Hi Pierre,

Good to hear from you again! I gave a lot of thought to this change, and I didn't want to do it so close to the final release, but I was busy fixing other complex bugs.

From the source code point of view, things are almost exactly as before: I just changed the dialog's default to "current interpreter" and added a checkbox to let the user decide between the old and the new behavior, so the bug you mention was most probably there before.

Experienced or old time users can mark the mentioned checkbox and things for them will be as they always have been. But newbies (as Uwe mentions) will have a much easier and pleasant time with Spyder without being confronted with a complex set of options from the start.

I hope you understand my motivation: my aim is to lead Spyder to a wider audience, i.e. people who is learning or giving their first steps with Python, but maintaining all the configurability and adaptability it currently has.

I'll work hard to solve any bugs that show up (starting with yours :-) and time will tell if I took the right decision or not.

Cheers,
Carlos

El 28/04/13 07:58, Pierre Raybaut escribió:
Carlos,

I'm quite busy these days and I've just played around with latest Spyder revision, just to fix Issue 1363 (for which you asked for my help). Doing so, I've been confronted to this new behavior of the 'Run configuration' dialog which has been renamed to 'Run settings' (why not). First, I find it very risky to introduce a change of behavior of this magnitude at this stage of 2.2 release process (Release Candidate). Second, I was confronted in less than 5 minutes to a bug (an unexpected behavior actually) related to this change: when executing a program which kills the Python process (hard crash or a simple call to sys.exit), Spyder seems to be unresponsive and unable to re-run it as the current interpreter has been terminated... So, that's how I've discovered this new behavior, a quite unpleasant experience. I really think that such changes should have been introduced at an early stage of development, not just before releasing the final 2.2.

Cheers,
Pierre


2013/4/27 Carlos Córdoba <[email protected] <mailto:[email protected]>>

    I made the change so that after pressing F5 on new files, they
    always be evaluated in the current interpreter (Python or
    IPython).
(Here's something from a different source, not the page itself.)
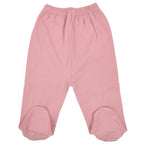 Pack 3 pantalones con pies 100% algodón - 07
I just checked that it's working as I designed it (on
    Windows and Linux), i.e. If you press F5 again, then the file will
    be ran again in the selected console with the "runfile" function.

    I did it because I saw (in my courses and workshops) that people
    gets easily confused with the "Run dialog" and don't know what
    option to select. Besides, now that we have a very good IPython
    integration, I expect most people will take advantage of it and
    won't need the "Execute in a new dedicated python interpreter" option.
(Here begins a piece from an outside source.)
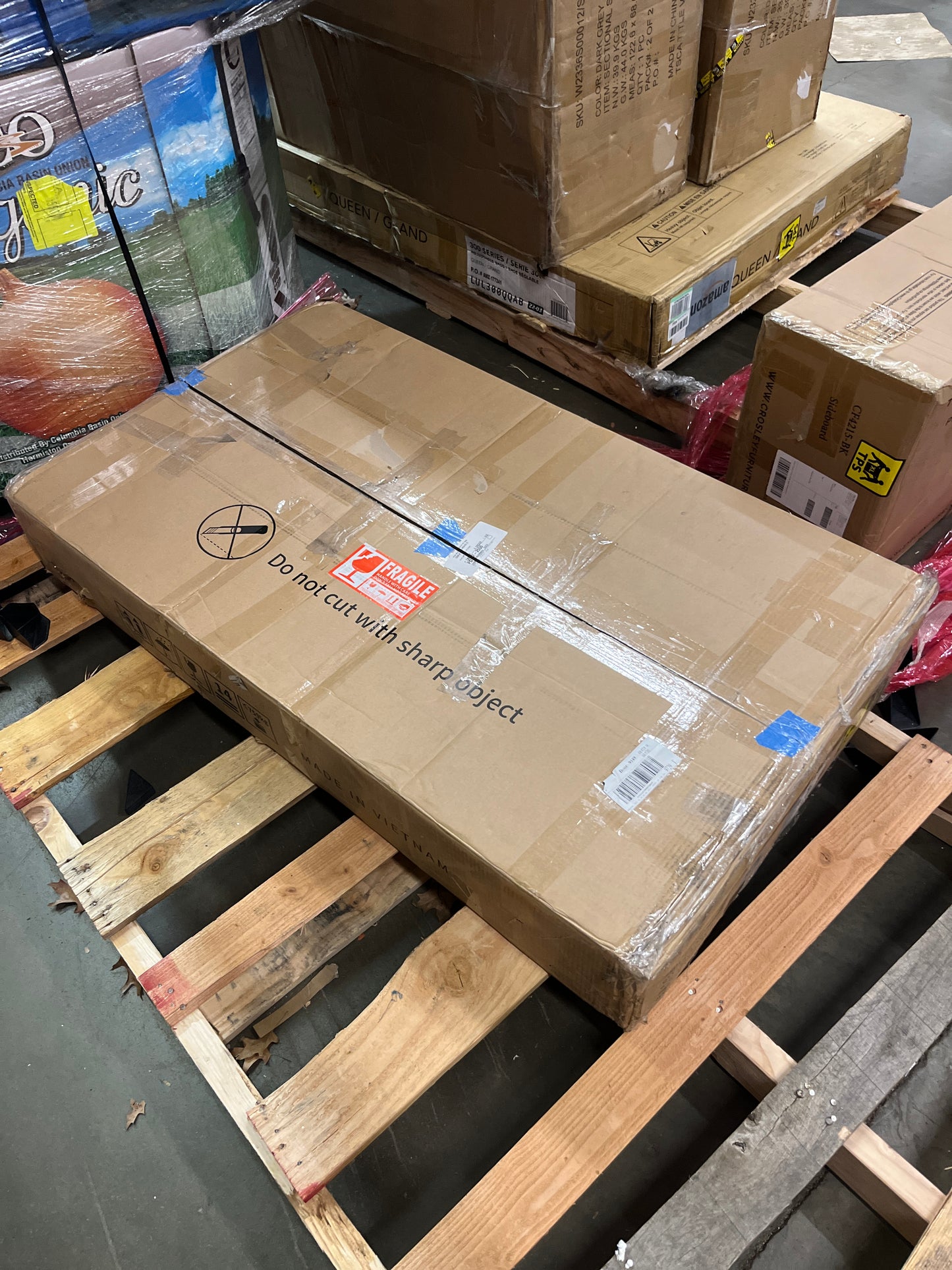 DWVO Wooden Makeup Vanity Desk Set with XL LED Mirror and Power Outlets, 11-Drawer Dressing Table with Storage Bench and Magnifying Glass for Bedroom, Pearl White - Retail $299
    However, if you want to get back the old behavior, you can mark
    the checkbox at the end of the dialog that reads:

    "Always open this dialog on a first file run".

    Cheers,
    Carlos

    El 26/04/13 17:04, Steve escribió:

        I saw some commits in the change log recently related to the
        Run Settings.  One of the changes leads to unexpected behavior.
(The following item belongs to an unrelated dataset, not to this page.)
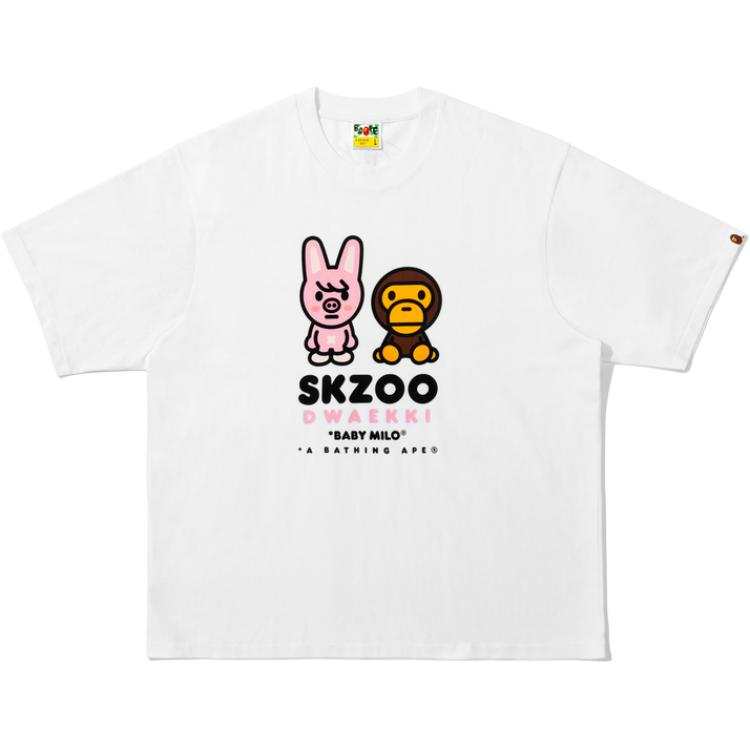 A BATHING APE x Stray Kids FW25 T Shirt Unisex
        It appears the default interpreter option changed.  I just
        rolled back to an old commit to confirm.  The radio button for
        "Execute in a new dedicated python interpreter" used to be
        selected by default.  The new default is "Execute in current
        Python or IPython interpreter" is checked.  Because of this
        new default setting after the initial run (F5) additional
        presses of F5 do nothing.  I finally figured this out by
        realizing it was new files and it must have to do with the run
        config for new files versus files I had previously debugged.
         I think don't think new behavior is optimal.